The invention relates to electromagnetic brakes and clutches having an energization coil energizable to attract an armature to a magnet body for starting or stopping a rotating member, and more particularly to a detector sensing engagement of the armature and the magnet body.
Mechanical engagement sensors for electromagnetic brakes and clutches are known in the prior art. These sensors typically include a series of three mechanical switches arranged in a generally triangular pattern around an armature and sensing closing movement of the armature. Heavy duty switches are required, to withstand the closing action of the armature, which robust construction increases cost. Furthermore, a machining operation is typically required to afford the necessary precise mounting location of the switches, further increasing cost. Alignment must also be precisely controlled so that all three switches close simultaneously. The tolerances are quite narrow and unforgiving because even a small magnetic gap substantially increases magnetic reluctance.
Another approach in the prior art is the use of an inductive proximity switch sensing closing movement of the armature. The above noted limitations also apply to such switches.

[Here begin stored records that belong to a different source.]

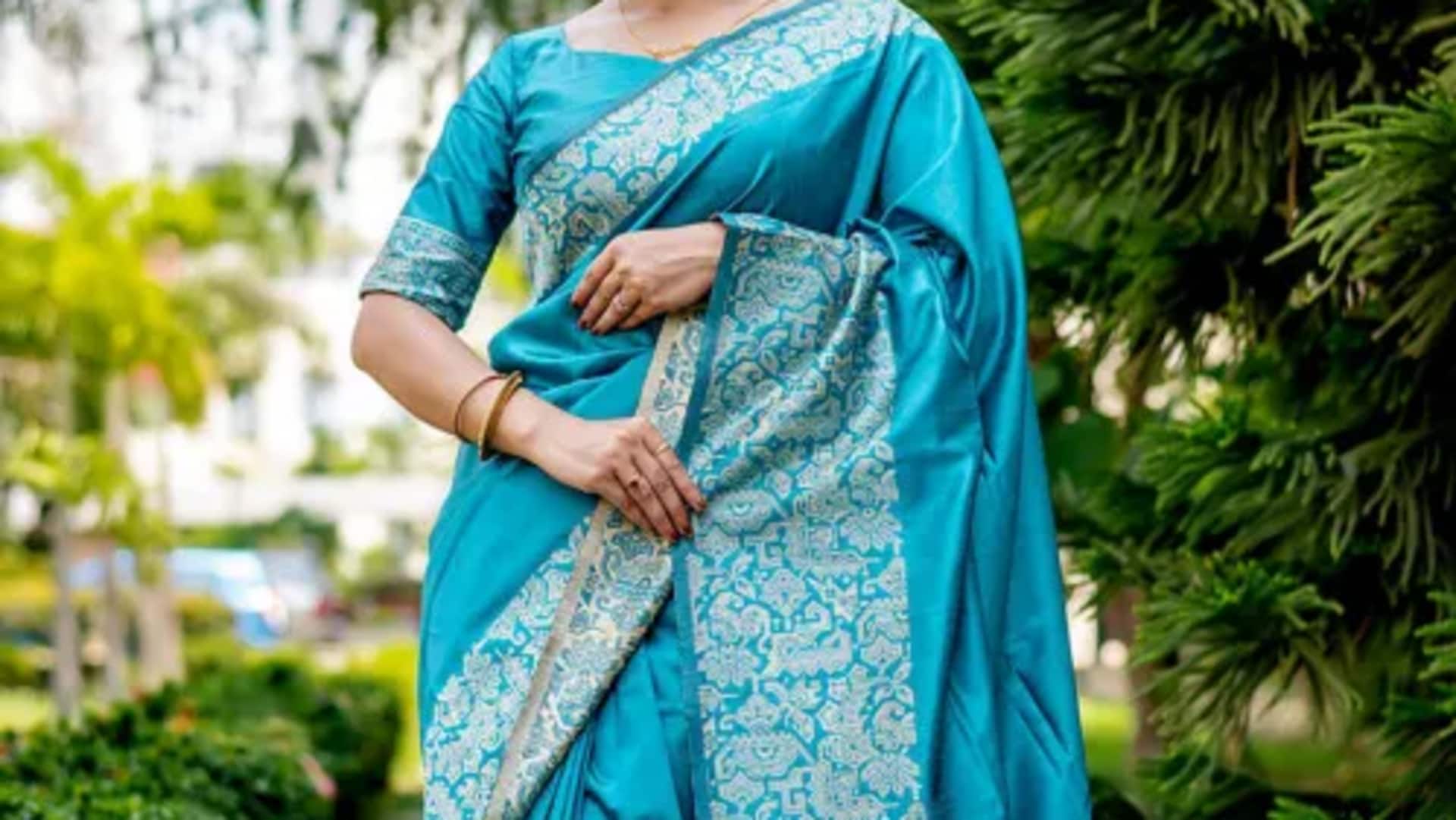 Menghidupkan kembali koleksi pakaian dengan tekstil India klasik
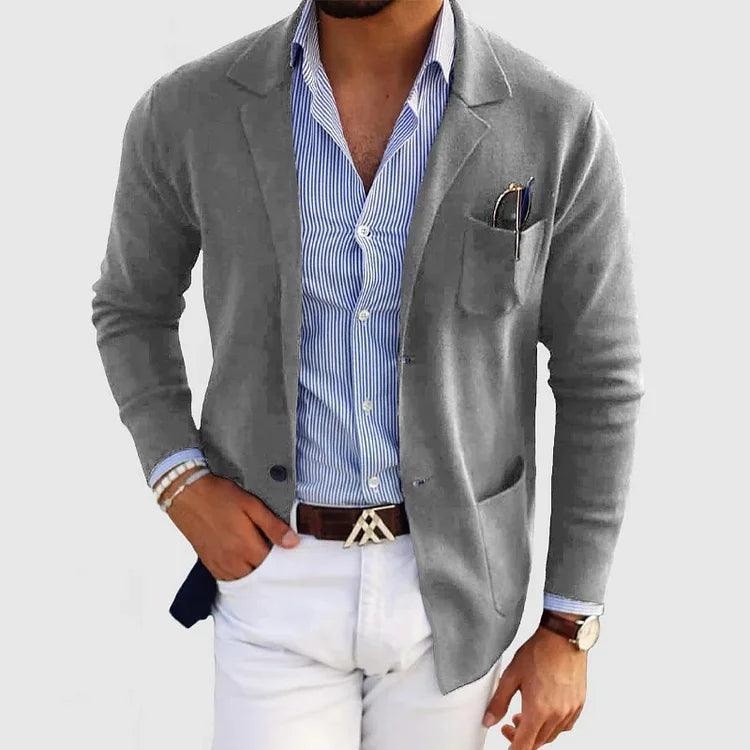 Theodore Slim Fit Blazer | Solid Notched Lapel Blazer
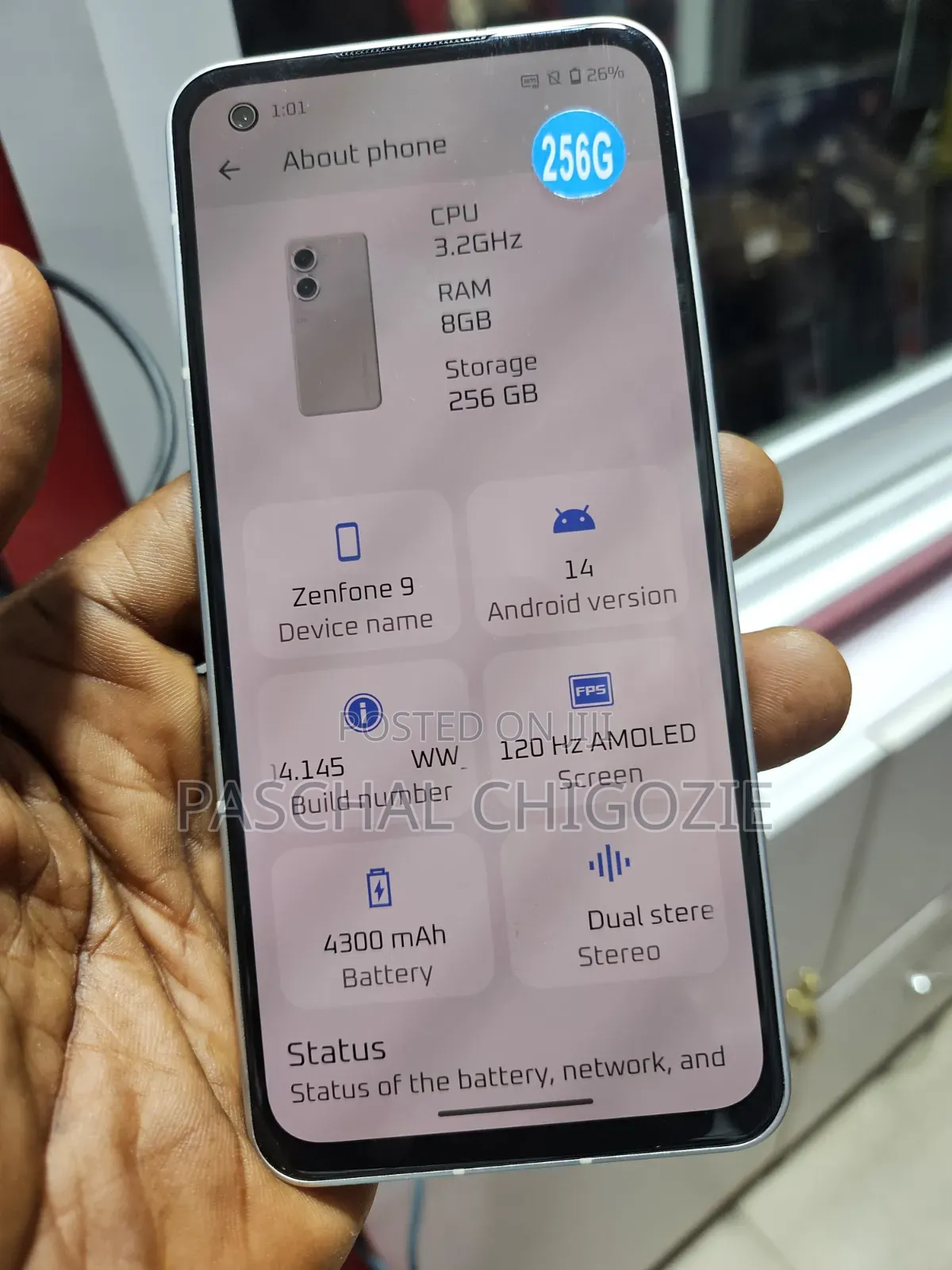 New Asus Zenfone 9 256 GB White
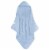 Baby Hooded Muslin Cotton Towel 2 pack Ultra Soft Warm Absorbent By Comfy Cubs (Sky Blue) Perspective: left
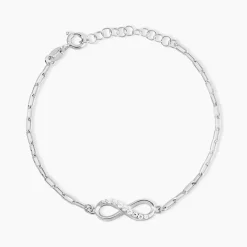 Bracelet Bastin Argent Blanc Oxyde De Zirconium-Histoire d'Or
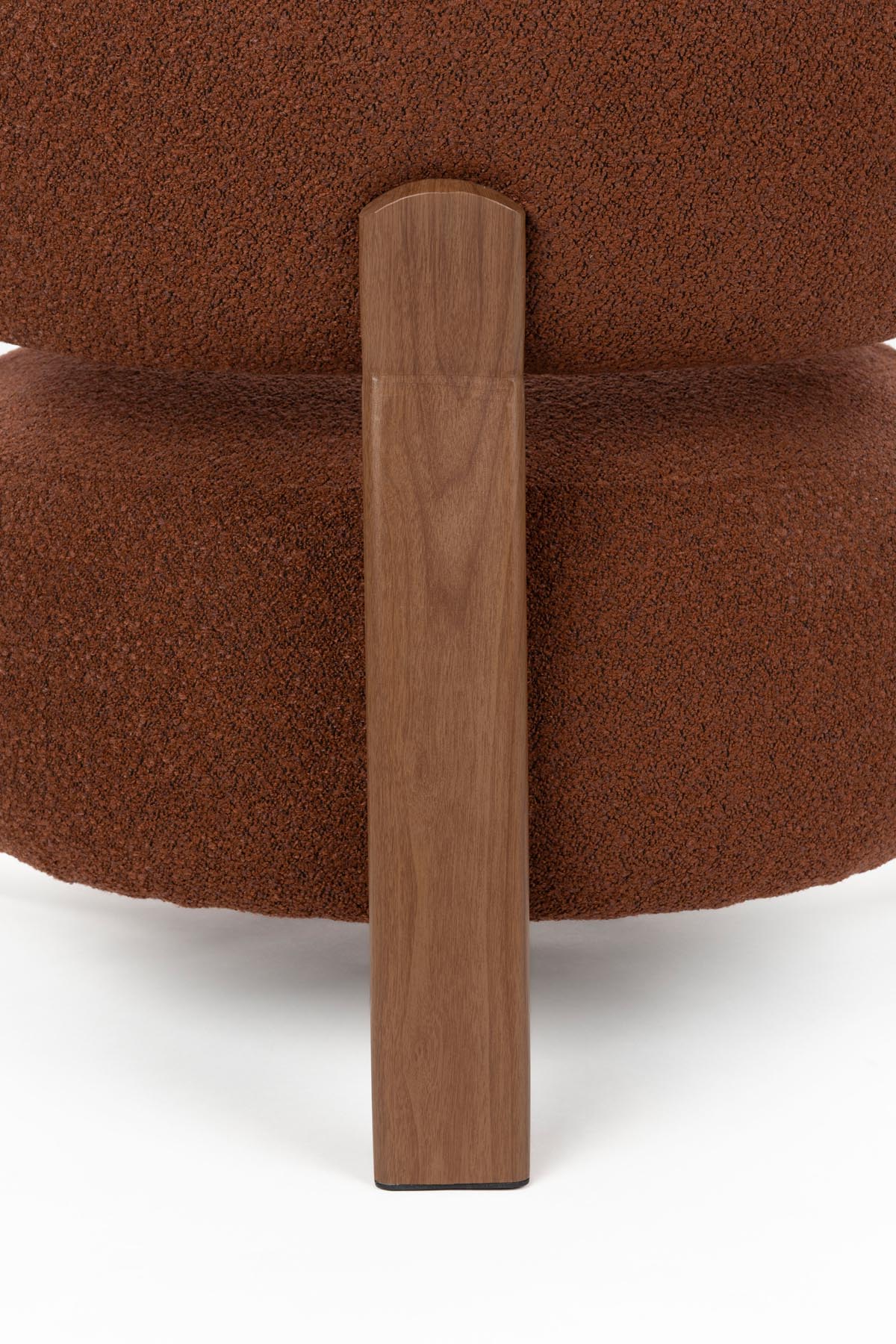 Sessel Robyn in Braun präsentiert im Onlineshop von KAQTU Design AG. Sessel ist von White Label Living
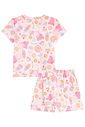 Conjunto de pijama de blusa em malha fresh e shorts em malha fresh 94270 Kukiê Infantil Menina Conjunto de pijama de blusa em malha fresh e shorts em malha fresh 94270 Kukiê Infantil Menina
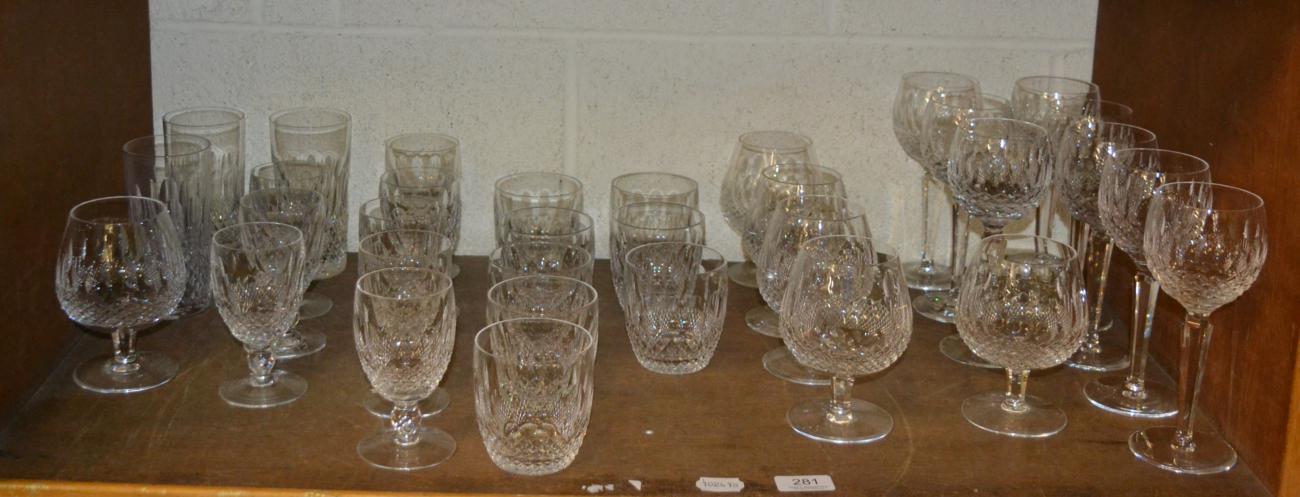 Lot 281 - Thirty three pieces of Waterford glasses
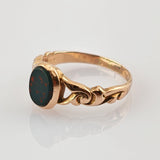Jugendstil-Ring aus Roségold mit Heliotrop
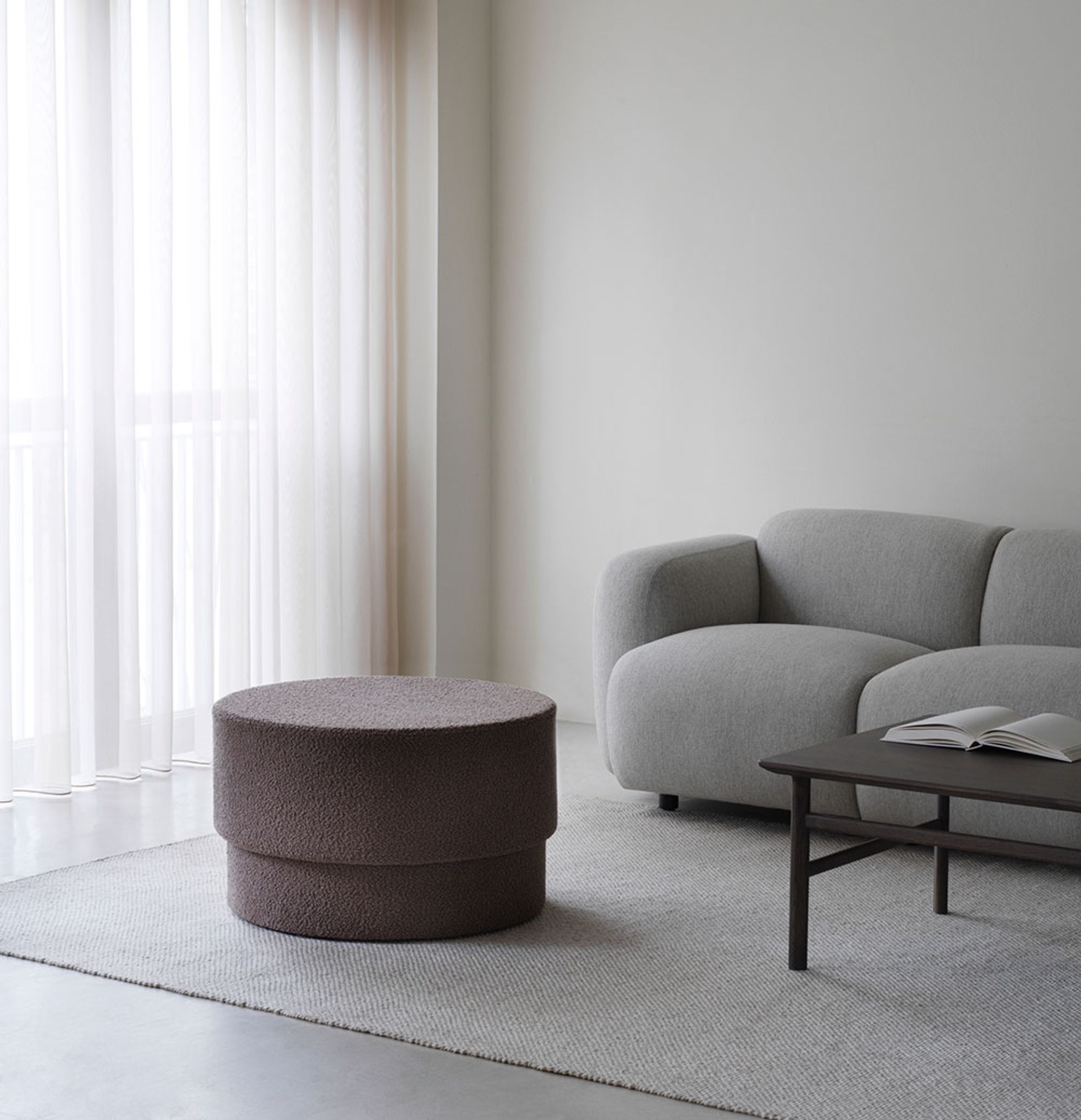 Normann Copenhagen - Pouf - Silo Pouf - Medium - Hallingdal 944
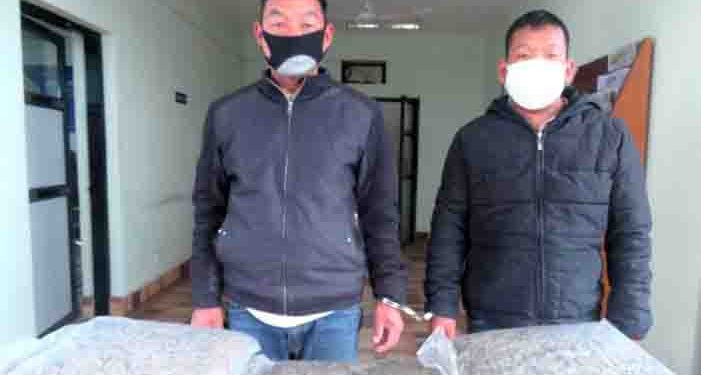 इटहरीका दुई व्यक्ति गाँजासहित  विराटनगरबाट पक्राउ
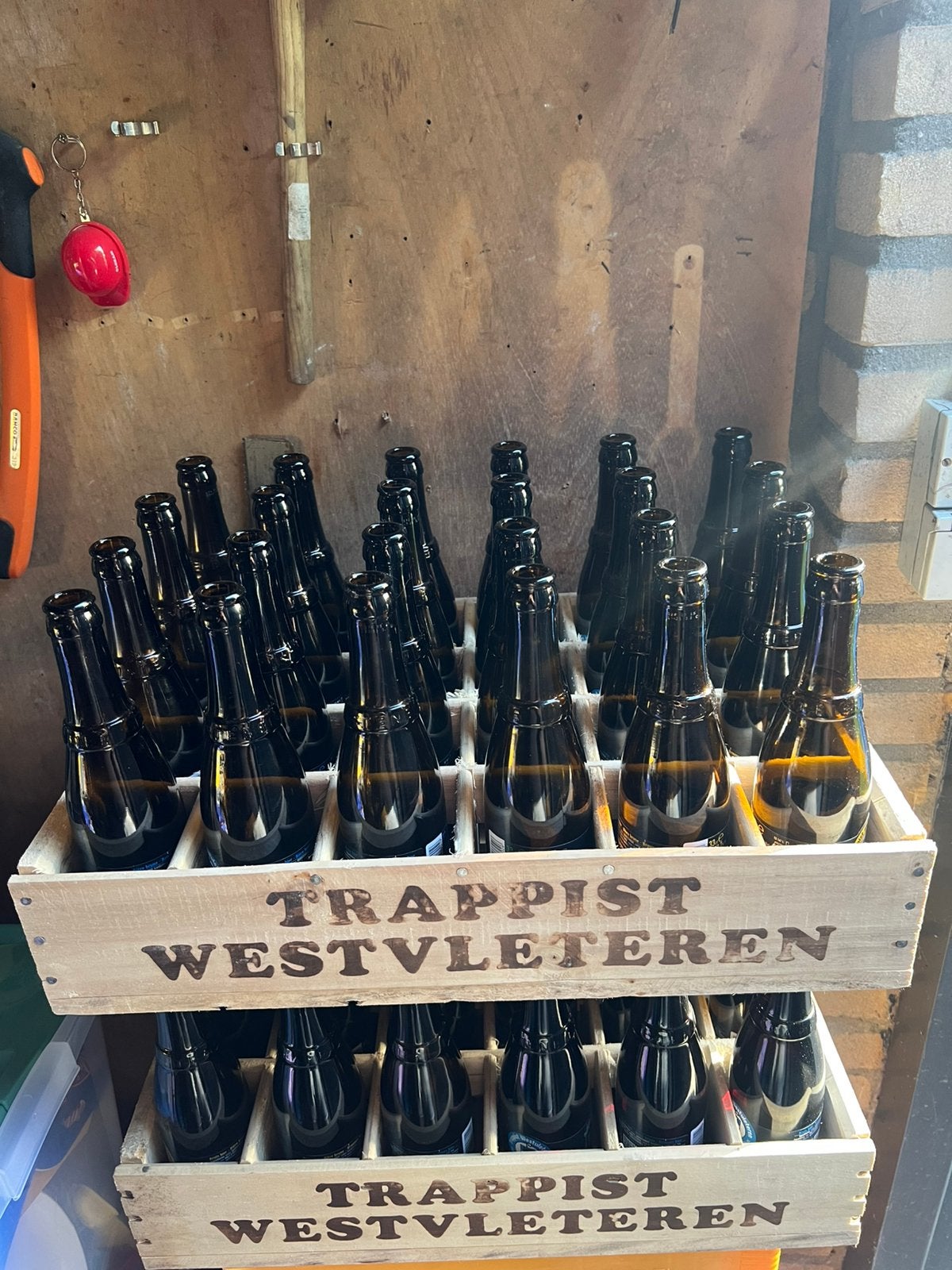 Lege krat westvleteren, Verzamelen, Ophalen, Zo goed als nieuw, Overige typen, Overige merken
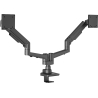 Edbak Desk Mount | DMV02 Dual Swing Arm | Height adjustment, Tilt | 19-35 " | Maximum weight (capacity) 20 kg | Black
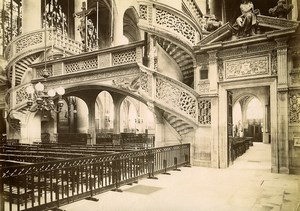 France Paris Church St Etienne du Mont Old Photo 1890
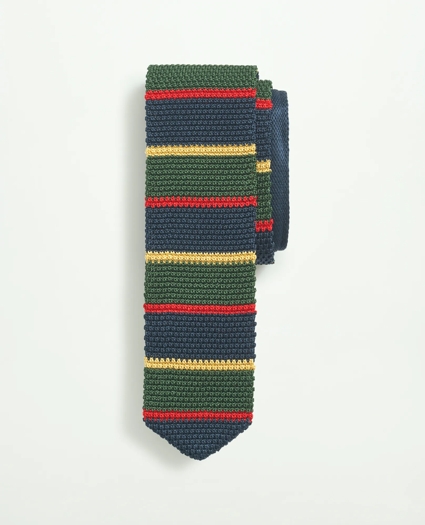 Silk Knit Stripe Tie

The present invention provides electronic detection circuitry, eliminating reliance upon prior mechanical or proximity switches. The present invention provides a significantly lower cost alternative to the prior art. In the present invention, the detector, or proving switch, may be located remotely from the brake or clutch, with no additional wiring to the brake or clutch being required. The invention may be used with a wide variety of power transmission devices, with no need for tuning to the specific power transmission device as in the prior art, e.g. machining, etc. A further advantage of the present invention not obtainable in the prior art is use with power transmission devices too small in physical size to use the above described approaches involving mechanical or proximity switches.